Dallas is a 2 year old deaf boxer who our training center took in as a training foster. He is currently living at a kennel...I've fallen completely in love with this dog. He is amazing. Just look at him too! He has structure up the wazoo and is a beautiful mover. I think he'd make an amazing agility dog. He is SO driven to learn and to play. I just love him.


















































I don't know what food he is on now...I'd like to get him on PMR and if I can't I'll just ask if they'll let me buy him a bag of EVO or Orijen...I'm really in love with him.


----------



## Adam76 (Dec 24, 2010)

Well what are you waiting for, bring him home already, LOL


----------



## magicre (Apr 7, 2010)

he should meet your other dog first and have some play dates, see how they get along and then, what are you waiting for, take him home...if you can afford to love him, home him, feed him raw.....then you're the one for him.


----------



## mischiefgrrl (Oct 28, 2010)

I see why you would love him... he is absolutely stunning! Seems he will be well loved no matter where he ends up forever!


----------



## CavePaws (Jan 25, 2011)

I don't think it's feasible for me to take him on unfortunately. I live with my parents still, even though I want to move out in a few months, but I already have four dogs I'm taking with me. Five in a duplex...I could handle it but I don't know if Cole could. I know if he met this dog he would fall in love with him...But my mother objects to any more dogs in the house. Then I have Indi, who hates other dogs with a passion. It would be a lot of desensitizing and a ton of separating of the pack. I could manage it and I'd have a behaviorist working with me. If he goes to an awesome home, I'd like to be really involved in his adoption, I will be giving them a lot of info on PMR...I really wish I could take him. I'd be able to afford feeding him PMR for sure. I'm so sad that I don't have my own place right now or else he'd probably be home with me now.


----------



## CorgiPaws (Mar 31, 2009)

Oh. My. GOSH. He's such a looker.
I'm really a sucker for whities, in fact, my next Boxer will probably be a white. 
He's tempting, oh so tempting. But my hands are full, and then some. 
I hope he finds an awesome home.


----------



## Janet At Nutro (Mar 11, 2011)

Dallas is so handsome! Is there any chance that your parents might like to adopt him?
Then after you move out of the house, you could still get to see him.


----------



## Scarlett_O' (May 19, 2011)

My first words where "OH MY GAWD he is sooo cute!!":biggrn: I can see why your in love with him!!:smile:


----------



## eternalstudent (Jul 22, 2010)

He looks fantastic and like such a character.

I think at lot of us suffer from hearts that are bigger than our situations :-(. In a perfect world we would all be able to give them a wonderful forever home but it is not to be. 

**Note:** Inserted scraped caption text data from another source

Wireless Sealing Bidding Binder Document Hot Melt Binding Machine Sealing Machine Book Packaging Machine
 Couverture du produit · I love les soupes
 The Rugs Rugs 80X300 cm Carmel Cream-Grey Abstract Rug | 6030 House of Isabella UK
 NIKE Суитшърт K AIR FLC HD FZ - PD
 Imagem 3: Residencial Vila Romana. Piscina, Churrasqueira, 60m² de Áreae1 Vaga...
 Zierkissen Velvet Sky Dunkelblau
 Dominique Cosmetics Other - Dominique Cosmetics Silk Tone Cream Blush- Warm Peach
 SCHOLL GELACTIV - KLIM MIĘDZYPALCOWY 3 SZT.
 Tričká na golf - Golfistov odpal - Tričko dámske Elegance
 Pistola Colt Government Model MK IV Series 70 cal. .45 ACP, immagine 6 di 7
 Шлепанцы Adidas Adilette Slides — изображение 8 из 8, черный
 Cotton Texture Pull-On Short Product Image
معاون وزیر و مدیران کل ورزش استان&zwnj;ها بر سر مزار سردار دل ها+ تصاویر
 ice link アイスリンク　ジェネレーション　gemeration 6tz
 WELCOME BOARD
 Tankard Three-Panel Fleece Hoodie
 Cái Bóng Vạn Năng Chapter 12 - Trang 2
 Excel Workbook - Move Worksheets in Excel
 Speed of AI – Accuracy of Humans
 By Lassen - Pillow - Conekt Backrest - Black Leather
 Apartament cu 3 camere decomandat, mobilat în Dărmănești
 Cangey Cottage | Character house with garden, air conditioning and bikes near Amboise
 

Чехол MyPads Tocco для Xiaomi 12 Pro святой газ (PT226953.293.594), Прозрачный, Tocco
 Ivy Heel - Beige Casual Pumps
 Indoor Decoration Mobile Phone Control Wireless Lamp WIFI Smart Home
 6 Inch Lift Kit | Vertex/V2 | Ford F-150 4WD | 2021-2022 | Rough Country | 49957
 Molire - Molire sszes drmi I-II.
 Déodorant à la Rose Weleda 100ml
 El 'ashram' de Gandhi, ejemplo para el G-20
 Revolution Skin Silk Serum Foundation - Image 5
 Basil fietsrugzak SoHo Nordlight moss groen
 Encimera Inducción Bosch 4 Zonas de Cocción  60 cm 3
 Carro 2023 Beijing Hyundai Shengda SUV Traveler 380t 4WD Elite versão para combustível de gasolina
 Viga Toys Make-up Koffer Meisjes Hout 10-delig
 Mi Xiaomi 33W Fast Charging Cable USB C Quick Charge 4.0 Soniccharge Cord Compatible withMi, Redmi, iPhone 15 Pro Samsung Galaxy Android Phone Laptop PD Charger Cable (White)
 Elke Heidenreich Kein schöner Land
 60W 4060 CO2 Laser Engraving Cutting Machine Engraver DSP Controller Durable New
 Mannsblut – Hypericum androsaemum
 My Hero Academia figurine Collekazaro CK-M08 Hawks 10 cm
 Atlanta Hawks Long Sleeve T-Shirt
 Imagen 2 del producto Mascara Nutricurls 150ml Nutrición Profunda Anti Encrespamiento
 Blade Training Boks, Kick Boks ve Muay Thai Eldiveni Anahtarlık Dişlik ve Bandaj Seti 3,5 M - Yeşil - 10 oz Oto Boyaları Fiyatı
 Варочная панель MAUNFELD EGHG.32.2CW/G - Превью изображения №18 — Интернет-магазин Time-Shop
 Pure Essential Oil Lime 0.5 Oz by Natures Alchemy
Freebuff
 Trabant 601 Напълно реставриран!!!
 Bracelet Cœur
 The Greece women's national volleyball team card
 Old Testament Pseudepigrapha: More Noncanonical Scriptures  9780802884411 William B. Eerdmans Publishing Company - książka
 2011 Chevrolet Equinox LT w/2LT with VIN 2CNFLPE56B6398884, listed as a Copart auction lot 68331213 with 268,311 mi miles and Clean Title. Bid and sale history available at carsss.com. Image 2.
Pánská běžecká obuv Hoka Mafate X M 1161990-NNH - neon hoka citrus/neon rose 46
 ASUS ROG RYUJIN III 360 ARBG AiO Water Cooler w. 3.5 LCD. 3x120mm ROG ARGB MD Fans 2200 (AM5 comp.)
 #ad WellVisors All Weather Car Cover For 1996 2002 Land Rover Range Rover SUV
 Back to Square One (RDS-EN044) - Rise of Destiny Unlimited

I am sure with a face like his he will find a good home though


----------



## CavePaws (Jan 25, 2011)

I know isn't he such an awesome looking dog? I'll probably post some videos of us working together. I really love him and am sure he'll get a great home. I want him to go to someone who will work with him a lot, he has a ton of potential to be a good obedience dog. My parents don't want anymore dogs unfortunately. The house I live in now is in the suburbs and my father lives on some lake property, so technically he has more than enough room for the dog...he doesn't want more responsibility though. :[


----------



## Northwoods10 (Nov 22, 2010)

He's gorgeous. 

Don't you wish we could save them all? I hope he finds a great forever home.


----------



## CavePaws (Jan 25, 2011)

Yes! :[ It makes me sad I can't. But he will find a great home, I know it.


----------



## FL Cracker (May 4, 2011)

Wow...he is beautiful. As stated, I hope he finds a home that's willing to work with him!


----------



## SerenityFL (Sep 28, 2010)

eternalstudent said:


> I think at lot of us suffer from hearts that are bigger than our situations :-(.


Boy howdy isn't that the truth!!!


----------